# Deamon PRince to Vermin Lord Conversion.



## Farseer_Iowan (Jun 25, 2010)

So I like the look of the Vermin Lord but thought he was awful small looking compared to the other deamons... (yes I know he is a rat)... So what I did is this

1) Purchase the new plastic Daemon Prince box set 
2) opened my unopened Vermin Lord (Old) box
3) put to together the daemon prince with out wings just he spikes and the axe.. No head
4) shave down the neck some (use the Vermin Lords Head as a test fit/look) till you like how it looks with the VL head. 
5) Attach the VL head.. let dry...
6) Add the VL tail... 
7) I cut the warp stone ball off the VL glaive and attached it to the new bottom of the axe (cutting off the tooth pices that is there) 
8) Now you can do what you wish to spruce it up

Me I filled in the chaos symbols on the chest and gauntlets and axe.. 
Used the loin cloth with the deamon head buckle/ filed down the daemon head and put a horned rat symbol (shield icons from old clan rat box)
filled down the chaos symbol on a shoulder pad and put a skaven symbol on it and put it on him. 
I then driled out some rat skulls that come in the old clan rat box and put them on the tops of some of the spikes... 
Final thing I did was cut up a knife and attach it to the top of axe

Will get a photo bucket link as soon as I get pictures of the final product (minus primer/paint)

http://s809.photobucket.com/albums/zz16/mdommer1980/Skaven Vermin Lord Conversion/

AS an update I wanted to point out that I filled in the chaos symbols using Testers plastic glue so I could add Skaven/Horned rat symbols later....


----------



## Drax (Sep 19, 2007)

good simple yet effective! nice one! i agree with you that the vermin lord model, although a nice classic model, does look somewhat lanky - kind of like a peter crouch of the skaven!

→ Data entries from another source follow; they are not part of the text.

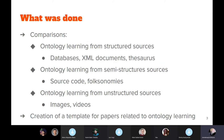During this work, I worked particularly on ontology learning from structured sources such as databases and XML documents, also on ontology learning from semi-structured sources such as source code for folksonomies, and ontology learning from unstructured sources such as videos and images. I identified the main properties that papers related to ontology learning contain, and I created a template.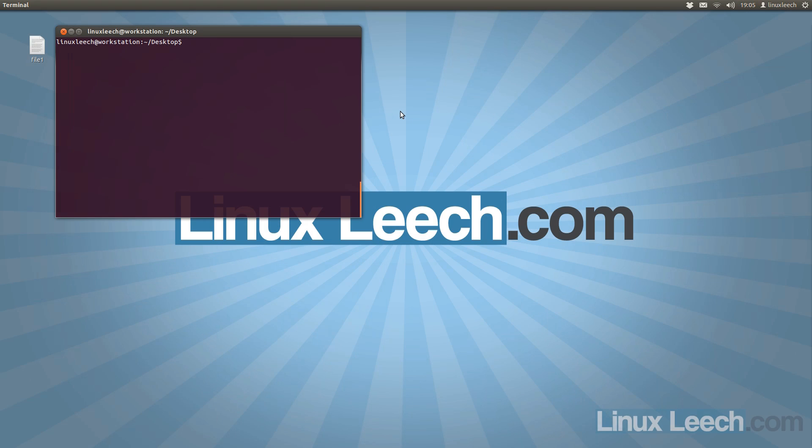In this tutorial I'm going to show you the basics of Linux file permissions, so let's get started.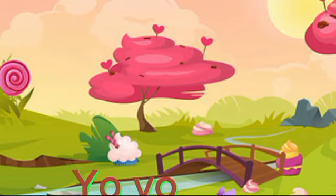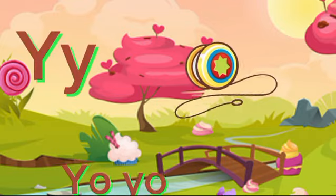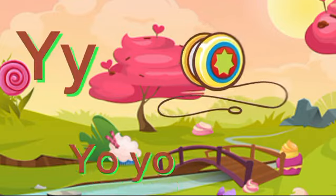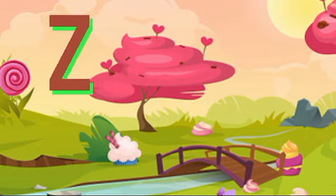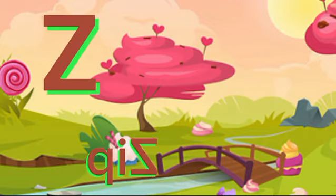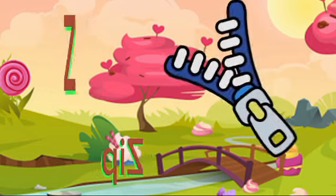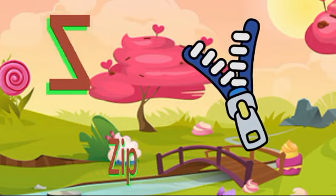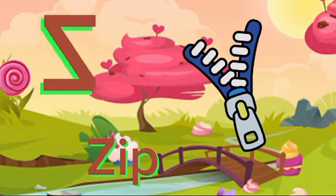Y for yuh, yuh. Yuh, yuh. Z for zip. Za, za, zip.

if you are any good with green stuff, i'd consider adding fur, even if its just in patches, just to tie it in


----------



## Sethis (Jun 4, 2009)

Excellent conversion! Way to add some "beef" to the model.


----------



## Barnster (Feb 11, 2010)

Nice conversion!

I'll be honest, i'm not a fan of the axe though as skaven don't really use axes but more halberd/ glaive weapons


----------



## Dave T Hobbit (Dec 3, 2009)

Very good idea.

I am not sure about the angle that the tail is attached; it looks a little too perpendicular to me.

Apart form ghat minor thing it is a great conversion.


----------



## bobss (May 18, 2008)

Very impressive. I was... dubious of the concept at first, but your execution of the idea is superb.

I shall rep tommorow...


----------



## Farseer_Iowan (Jun 25, 2010)

Thank you all... I appreciate the rep and I do plan on do some fur with green stuff, just not the greatest at it but have been playing around with my sons play dough to get an idea how to layer it...
@ David T. Hobbit - I agree but that is almost exactly how the tail is on the Original VL. and its a better fit then the dragon looking tail... may play around with it....
@Barnster - Yes the Axe is a little much, I am thinking of shaving the ax head down to give it more of a halberd look (another reason I added the knife at top), I just really didn't want to go hacking into what is an exceptional model- the more I look at it the axe just looks good... so its a keeper... maybe he took it from another daemon and its a prize?

Again thank you... My next task is to angle the neck a little more on the VL (not to much) and play around with adding fur... Then old Screaming bell with parts from the new screaming belll Muhaaa haaa


----------



## Dave T Hobbit (Dec 3, 2009)

Farseer_Iowan said:


> @ David T. Hobbit - I agree but that is almost exactly how the tail is on the Original VL. and its a better fit then the dragon looking tail... may play around with it....


If it looks like the original I cannot fault the conversion: who would have know that I would fail due to not paying enough attention to a Skaven's arse.


----------



## Farseer_Iowan (Jun 25, 2010)

Hobbit... I don't even know what to say to that one  cheers


----------